Background
Let's say we have built a CRM application, which keeps track of the various metadata logged by users when they use one of our other apps. For example this data could be that the user is using an iPhone, that they have logged in, or that they are within the age range of 30-40.
If we have millions of users and consequently millions of pieces of metadata - what is an efficient way for us to find groups of our users that meet certain criteria (also called cohorts)? For example, say we want to send a newsletter out to all of our users who are within the age range of 30-40 and who have logged in today - how do we determine this group of users?

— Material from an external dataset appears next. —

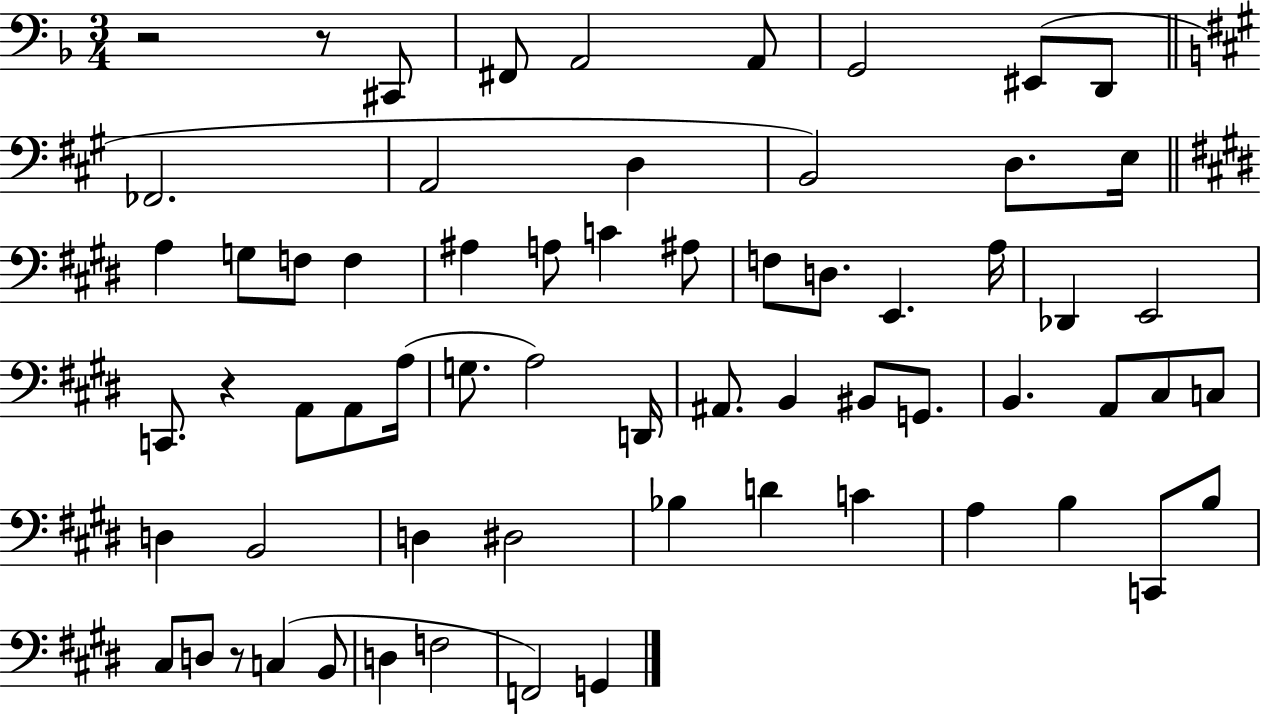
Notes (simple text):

R/h R/e C#2/e F#2/e A2/h A2/e G2/h EIS2/e D2/e FES2/h. A2/h D3/q B2/h D3/e. E3/s A3/q G3/e F3/e F3/q A#3/q A3/e C4/q A#3/e F3/e D3/e. E2/q. A3/s Db2/q E2/h C2/e. R/q A2/e A2/e A3/s G3/e. A3/h D2/s A#2/e. B2/q BIS2/e G2/e. B2/q. A2/e C#3/e C3/e D3/q B2/h D3/q D#3/h Bb3/q D4/q C4/q A3/q B3/q C2/e B3/e C#3/e D3/e R/e C3/q B2/e D3/q F3/h F2/h G2/q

One solution that tends to be very memory-efficient is to use Redis bitmaps. The concept of bitmaps, specifically in regards to Redis, has been explained rather thoroughly quite a few times already so I won't go into depth here. If you are hungry for all the juicy details - I suggest the following well-known articles as a good place to start:
The tl;dr
though, is that every time a user registers and lets us know they are in the age range of 30-40, we can set a key-value pair in Redis like so: SETBIT('agerange#3040', user_id, 1)
.
Similarly, once the user logs in, we can set another key-value pair: SETBIT('login:today', user_id, 1)
.
Then, finding the cohort becomes a matter of performing a bitwise AND
operation on the two keys, like so: BITOP('AND', '3040logintoday', 'agerange#3040', 'login:today')
And just like that we have determined all the users we want to send our newsletter to!

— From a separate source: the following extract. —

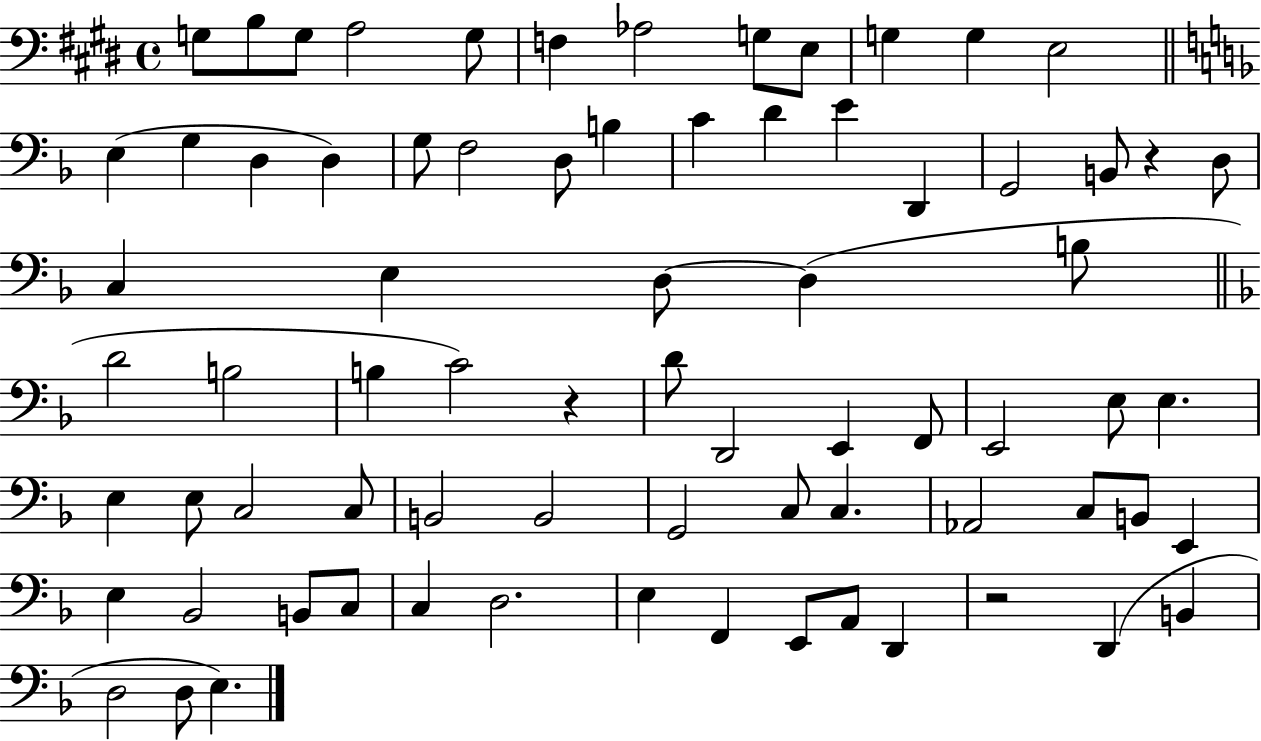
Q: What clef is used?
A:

At this point, you may be saying something along the lines of, "Ya, that's nice and all but Redis.. Bitmaps.. keys.. values.. Bitwise operations.. my head hurts already!". This is a totally understandable reaction - with a totally awesome rebuttal. Enter Bitmapist.
Bitmapist
Bitmapist is a Python library developed by the folks at Doist that simplifies working with Redis bitmaps. Further, they have even gone as far as also developing their own optimized Bitmapist server that implements a subset of Redis operations used by Bitmapist while relying on compressed bitmaps representation and only keeping hot dataset in memory to improve memory efficiency by 443 times!
What does setting all this up look like? Let's give it a spin!

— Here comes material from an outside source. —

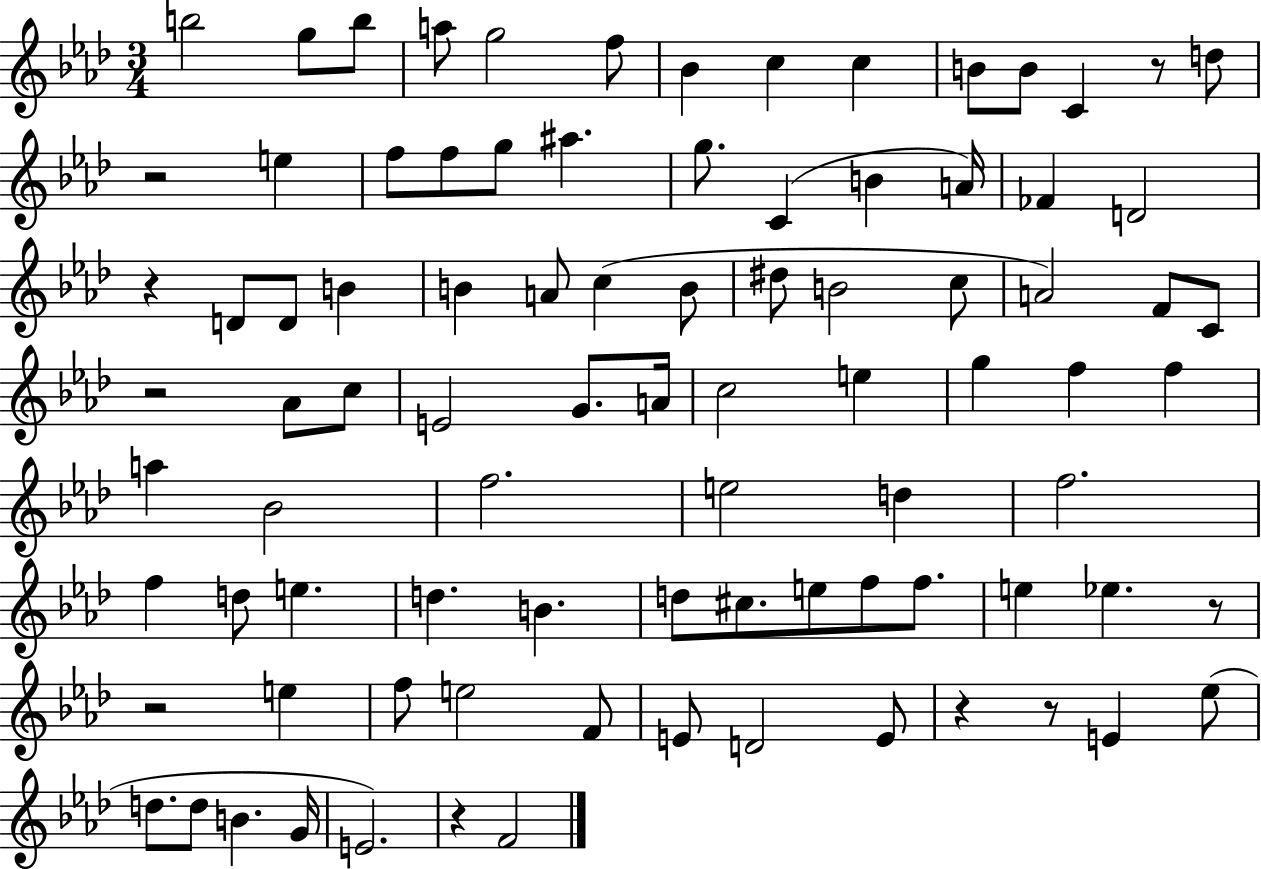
B5/h G5/e B5/e A5/e G5/h F5/e Bb4/q C5/q C5/q B4/e B4/e C4/q R/e D5/e R/h E5/q F5/e F5/e G5/e A#5/q. G5/e. C4/q B4/q A4/s FES4/q D4/h R/q D4/e D4/e B4/q B4/q A4/e C5/q B4/e D#5/e B4/h C5/e A4/h F4/e C4/e R/h Ab4/e C5/e E4/h G4/e. A4/s C5/h E5/q G5/q F5/q F5/q A5/q Bb4/h F5/h. E5/h D5/q F5/h. F5/q D5/e E5/q. D5/q. B4/q. D5/e C#5/e. E5/e F5/e F5/e. E5/q Eb5/q. R/e R/h E5/q F5/e E5/h F4/e E4/e D4/h E4/e R/q R/e E4/q Eb5/e D5/e. D5/e B4/q. G4/s E4/h. R/q F4/h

First, let's install the bitmapist server
$ git clone https://github.com/Doist/bitmapist-server.git
$ cd bitmapist-server
$ go build
go: downloading github.com/artyom/autoflags v1.1.0
go: downloading github.com/artyom/resp v1.0.0
go: downloading github.com/golang/snappy v0.0.1
[...]
Once go
finishes building the server, you should see a bitmapist-server
executable in the same directory. You can run it as it is, or supply an optional -addr
option if you want it to listen somewhere other than the default localhost:6379
. Running the executable should result in some output like so:
$ ./bitmapist_server
2020/01/25 15:22:09 loading data from bitmapist.db
2020/01/25 15:22:09 loaded in 4.922263ms
2020/01/25 15:25:09 periodic saving...
2020/01/25 15:25:09 saved in 11ms
At this point you have your bitmapist server all set up! You can even use redis-cli
to connect to it:
$ redis-cli
127.0.0.1:6379> keys **
(empty list or set)
As we can see, we don't have any data in our server yet - let's change that by installing and running Bitmapist!
$ pip install redis bitmapist4
$ python
>>> import bitmapist4
>>> b = bitmapist4.Bitmapist('redis://localhost:6379', key_prefix='bitmapist__')
The key_prefix
parameter above ensures that every key you set with this session will be prepended with the value you choose, in this case bitmapist__
. We currently use this functionality as a means of compartmentalizing different applications. That is, we set the key_prefix to be the application's uuid
so that way we only deal with that application's data (key-value pairs when we perform our Bitmapist routines.
Let's perform the keys **
equivalent in Bitmapist:
>>> b.get_event_names()
[]
As expected, it's simply an empty list. Let's mark some events!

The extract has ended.